The gym is a space where I get to work on myself. I don’t have to focus on anyone else, and I have the ability to try, fail, and learn. But, I don’t do the work by myself. I’ve found, since I started over 15 years ago, that the best gymnastics sessions are a communal experience, where we all rely on each other to collectively inspire and push ourselves, expanding our understanding of ourselves. Our relationship is symbiotic in nature, where we draw from each other’s well of experience to fortify our own needs. I learned from adults who, like me, were drawn to the insanity of flipping and inverting in our “older age.”
In the gym, I am both a coach and a student. Much like my role as a high school arts teacher, my coaching role is to offer my years of experience, teaching and training philosophies, and a model of the mindset and practice that I hope all adult gymnasts will use in their training. I pass on the good advice I received over the years and for the most part, it seems to help others learn more about themselves. As a gymnast who loves to be coached, I look to others with the skill sets that I aspire to achieve, even if they don’t have my years of experience. They have eyes and a brain, and they are looking at me through a different lens; this is extremely valuable, especially when you get stuck. It’s a beautifully symbiotic approach to learning.

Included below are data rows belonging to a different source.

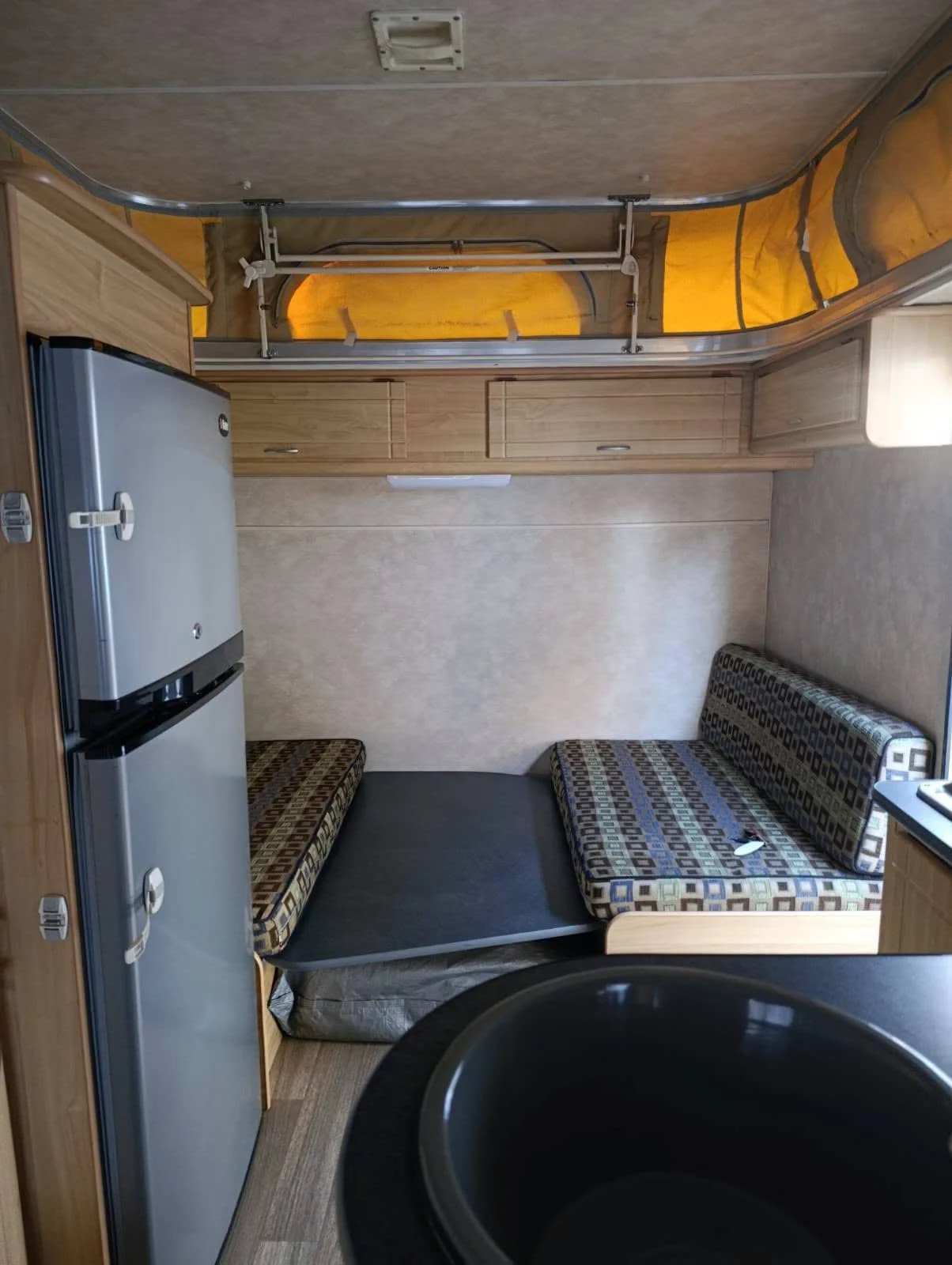 2010 Gypsey Regal - Image 7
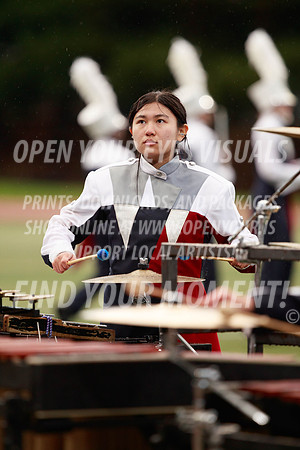 2025-LMAC-Westview-R2-JK-004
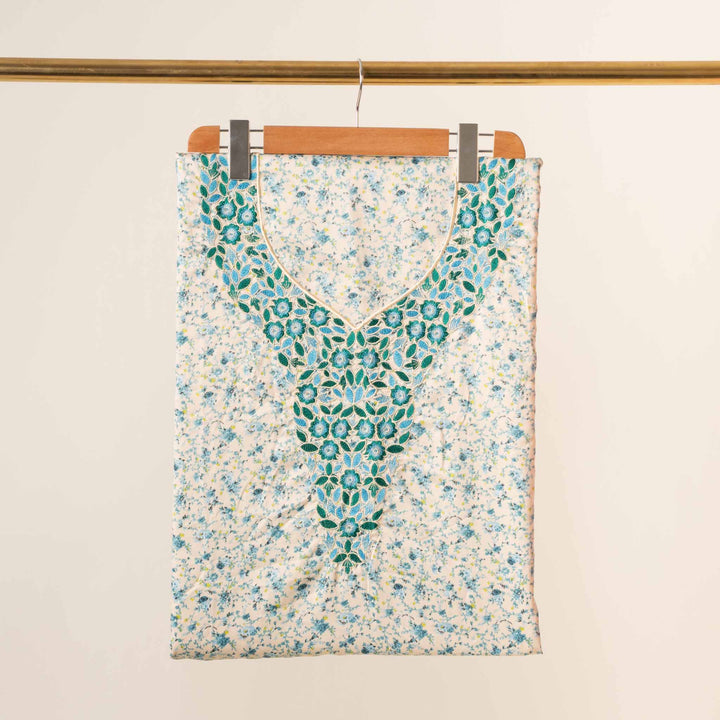 light-baby-silk-blossom-trail-with-shaila Mukhawar fabric 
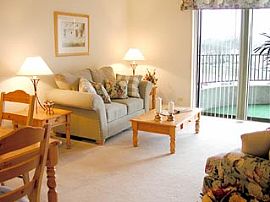 2bed –APT (with 3 Balconies ) 1137 sft in Wheaton, IL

While we are all managing fears to overcome our limitations (both physical and mental), we all have one thing in common: an adventurous spirit that needs to play. When we play together, we do it better. Because we are all adults, we understand others’ struggles, and that provides some comfort as we grapple with our own. Like in my classroom, we don’t have to have masterful skill to be of service to each other; we just have to provide the safe and supportive environment to encourage the trial and error nature of the sport.
Whether at work or at play, I personally have a need for people to believe in me so I can continue to develop and promote a vision. I want to live up to that vision, whatever it is. I don’t need to please others per se, or answer to them in any way, but I do thrive on the acknowledgments from people who think what I do is pretty great. I thrive on knowing that what I do inspires others. When I receive that kind of wonderful feedback, I always remember how I learned to do the things I do: in the presence and guidance of others.
So, as Admiral Picard reflected on his journey to the present, I give credit for my success to the myriad people who have crossed my path who have given me counsel, inspiration, and encouragement. When we build supportive community, the sky is truly the limit.